In terms of flow field analysis, Zhang J et al. [9,10,11] studied the gas-liquid two-phase flow in a multiphase pump using visualization tests and numerical simulations. The results show that as the GVF increases, the gas-liquid two-phase flow in the pump is in order of the isolated bubble flow, the bubbly flow, gas pocket flow and separated segregated gas flow. At the same time, it was found that when the inlet GVF is lower than 10% and higher than 80%, the pressurization of the compressible fluid and incompressible fluid in the multiphase pump impeller is similar. Shi Y [12] et al. studied the influence of the split impeller blade on the flow pattern of the multiphase pump, based on CFX software and the time-mean RNAS equation, and found that the gas phase gathering in the flow passage was significantly reduced compared with before the modification. Shi Guangtai et al. [13] performed the numerical calculation on the spiral axial flow oil-gas multiphase pump when the inlet GVF was 10~70% based on CFD software, and found that with the increase in the GVF, the maximum interstage turbulence intensity of the pressurization unit first decreased and then increased. Zhang Wenwu et al. [14] numerically calculated the flow field characteristics of the full flow passage of the multiphase pump, based on ANSYS CFX software and the two-fluid model, under the condition that the inlet GVF was 3~21%. The results show that the gas phase gathering in both the impeller and the diffuser occurs at the hub under different GVFs, and the gas phase gathering in the impeller becomes more obvious with the increase in the GVF. Yu Zhiyi et al. [15] analyzed the gas-liquid two-phase flow field when the GVF was 15%, based on the two-phase flow model and Reynolds time-mean NS equation, and found that the gas-liquid separation could be effectively avoided by using a small radial size difference in the flow passage of the multiphase pump.

In the transient characteristics, many scholars have done a lot of research mainly on the pressure pulsation, radial force and axial force in the pump. Zhang, J. [16,17] and Wenwu Zhang [18] studied the pressure pulsation in a multiphase pump by numerical simulation under gas-liquid two-phase conditions. The results show that the basic frequency in the impeller and the diffuser is the rotating frequency of the number of blades in the diffuser and the impeller respectively, and it is found that the basic frequency and the maximum value of pressure pulsation increase with the increase in tip clearance. Liu, X. [19] et al. studied the transient characteristics of radial force and axial force in the three-stage axial flow pump, based on the standard k-εturbulence model and the SIMPLEC algorithm, and found that the direction of axial force in the pump would change when the GVF increased, to a certain extent.

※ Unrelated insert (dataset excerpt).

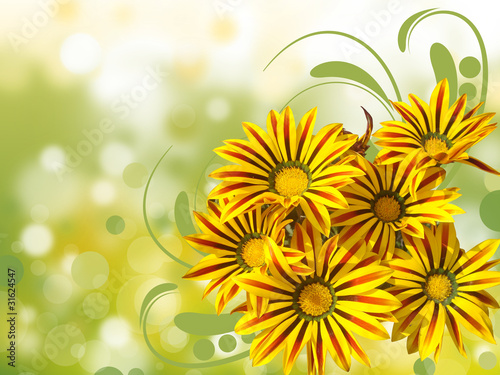 Floral Background Design Illustration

Yu Zhiyi et al. [20] studied the gas-liquid two-phase flow in the impeller of a multiphase pump based on the two-fluid model and the bubble flow hypothesis. It is found that one of the main causes of gas phase gathering in the pump is the gas-phase vortex. Xu, Y et al. [21] studied the pressure transient characteristics in the spiral axial flow multiphase pump by the experimental method, and found that the pressure pulsation amplitude increased significantly in the gas-liquid two-phase condition compared with that in the pure water condition.

In addition to the above studies, many other scholars have analyzed and discussed the pump in terms of design method [22,23], energy conversion characteristics [24,25], interphase force [26,27,28] and clearance flow [29,30]. In general, for the pump many scholars in many aspects have done a lot of research work and achieved good results, but for the pump in the gas-liquid two-phase flow there is not sufficient research. At the same time, with the further exploration of the ocean by mankind, it is of great practical significance to reveal the gas-liquid two-phase flow mechanism in the multiphase pump, and to improve the efficiency of gas-liquid mixed transportation.The efficiency is the ratio of effective power to shaft power, and its equation is $\eta =\frac{\rho gQH}{M\omega }$ (ρ is fluid density, g is acceleration of gravity, Q is the flow, H is the head, M is the torque and ω is the angular velocity). So provided in this paper, based on CFX software and the SST k-ω turbulence model for the six-stage spiral axial flow oil-gas multiphase pump under the conditions of the gas-liquid two-phase study, the analysis of gas-liquid two-phase flow in the multiphase pumps phase distribution regularity and characteristics, aims to reveal its internal flow pattern, improve the efficiency of delivery, and further the service of a global strategy for the development of ocean oil and gas.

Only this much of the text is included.